And we see this, you know, Iran doing this not just in Gaza, but in Lebanon, with Hezbollah, in Yemen, for example, with the Houthi forces there. So they become very good at getting this stuff through the net.


VAUSE: And the missiles that we're talking about here, these homemade ones, if you'd like, as opposed to, you know, maybe the gradual Katyusha rockets, which are smuggled in. The Hamas homemade ones are pretty basic. They're unguided, at times they're unreliable. In terms of armed conflict, are they more effective as a weapon of terror, as opposed to a weapon of war? Fear versus body count?

WILLIAMS: Right. I mean, they're not going to be effective military weapons, right, which require you to have some level of accuracy to be able to hit the target you're going for. The kind of Qassam rockets, the unguided rockets are really terror weapons. They're meant -- in some cases, not even to -- I think with the, you know, with the advent of Iron Dome, I don't think that there's much hope to even get these -- a lot of these rockets through. It's just about getting the air race sirens blaring, and to get people kind of afraid in their shelters. You know, one interesting statistic that I read recently from the 2014 Gaza conflict was that, most of the injuries of Israeli citizens were not actually from the rockets, but from people falling on their way to the bombshell -- on the way to the bomb shelters, so ...

VAUSE: You know, it is interesting, there's also the -- simply the cost of these missiles, are reportedly just a few hundred dollars each to build, which again, is a huge strategic advantage when you consider that every time one is shot down by the Iron Dome defense system, it costs Israel tens of thousands of dollars. And at times the Palestinians have, you know, able to overwhelm the Iron Dome, just with sheer numbers of rockets.

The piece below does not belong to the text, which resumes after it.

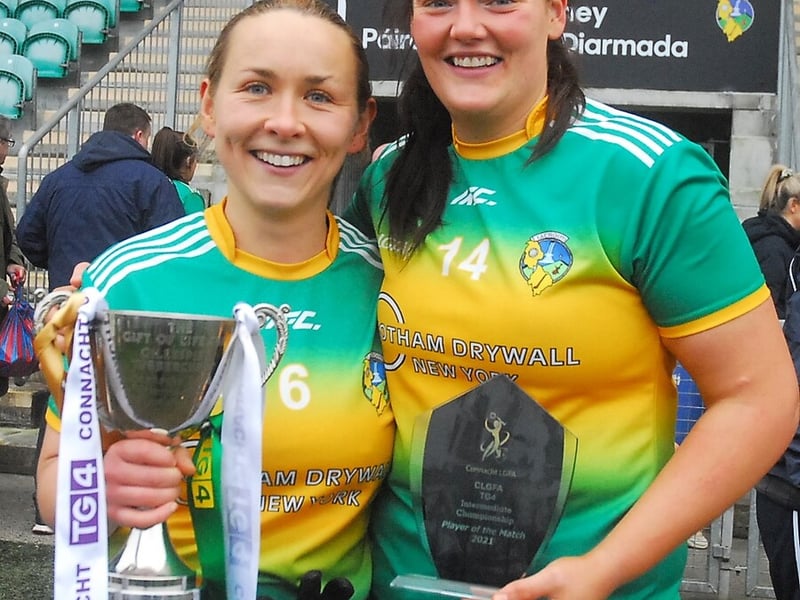 Use > to navigate photos Leitrim ended 2021 on a high when they produced a strong second half to see off a dogged Roscommon in the 2021 Connacht Ladies Intermediate Championship Final in Avant Money Pairc Sean Mac Diarmada on Sunday. The trophy was the first of manager Hugh Donnelly's two years reign over the county lady footballers and a great boost ahead of next year's Lidl NFL campaign. Observer photographer Willie Donnellan was there to capture some great images from the game .... see who you can spot! Leitrim LGFA to hold Emergency General Meeting in January as they seek new Chairperson and Secretary Leitrim LGFA officers review successful 2021 with introduction of U12 academy a real highlight Leitrim LGFA officers review successful 2021 with introduction of U12 academy a real highlight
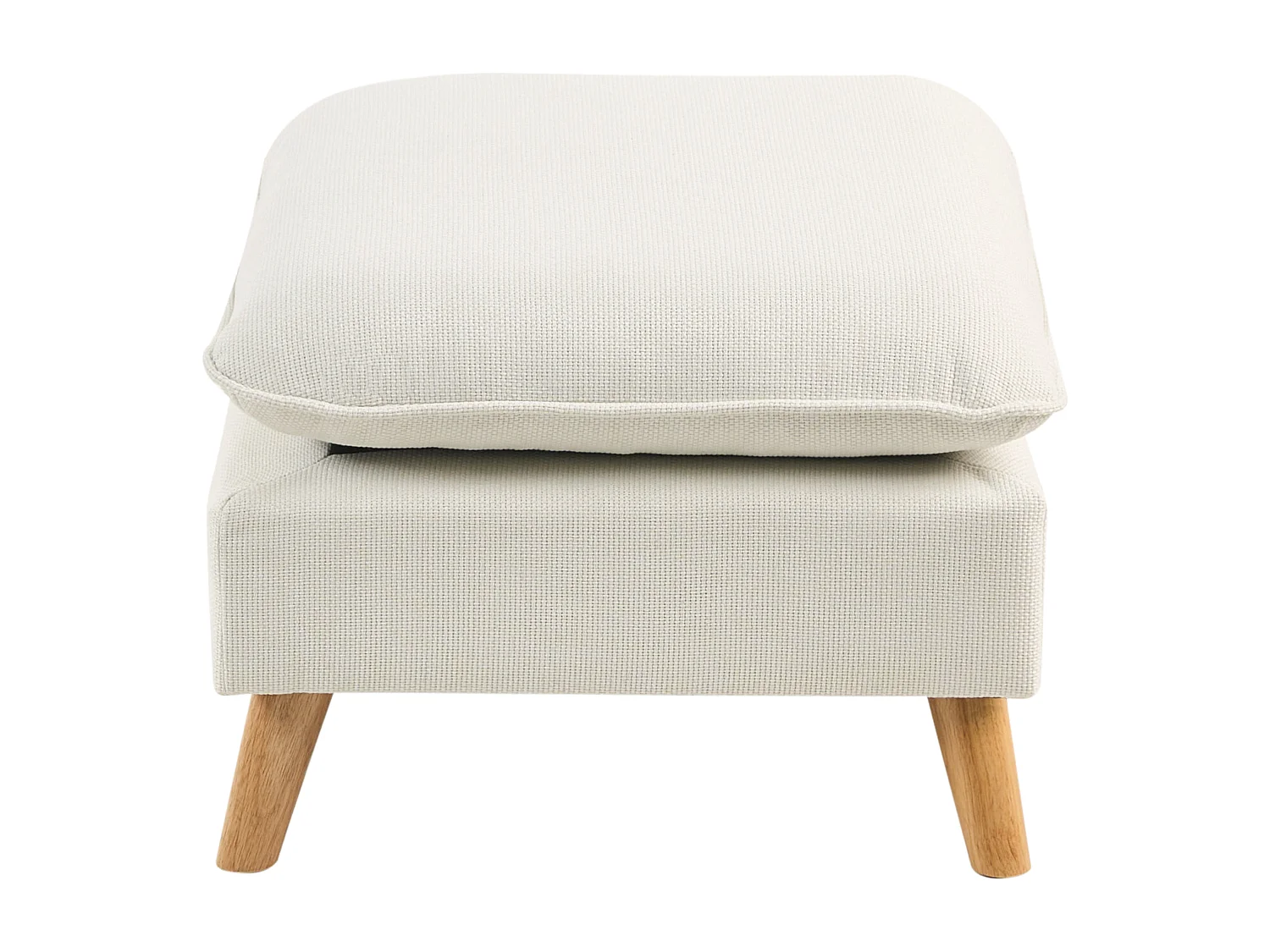 Sofa DALVIK Biały z otomaną dla 3 osób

WILLIAMS: Well, I mean, I think -- I don't know if the Iron Dome has been actually overwhelmed by these -- by these rockets. Because they're so inaccurate, you know, one of the strengths of the Iron Dome system is it's able to track these rockets as they're coming in and be able to discern which ones are actually going to hit in a civilian area, and which ones are just going to land somewhere in the desert. And they only engage those that are actually a threat. And that's, you know, only approximately about 20 to 25 percent of the rockets fired, they actually have to engage. And if you look at this current, you know, the numbers of intercepts that the -- that Israel is claiming right now is about 50 or so rockets intercepted out of 200, which tracks very closely with the engagement rate of past conflicts, which kind of tells me that they're not making much improvement of their accuracy of the missiles.

VAUSE: Is there any clear idea of not just the number but also the range of the rockets which have been stockpiled in Gaza? Because, it seems as there's a plenty of short-range missiles which can go maybe within six miles and 10 miles. Having those longer range ones, where they have -- which can reach Tel Aviv and beyond?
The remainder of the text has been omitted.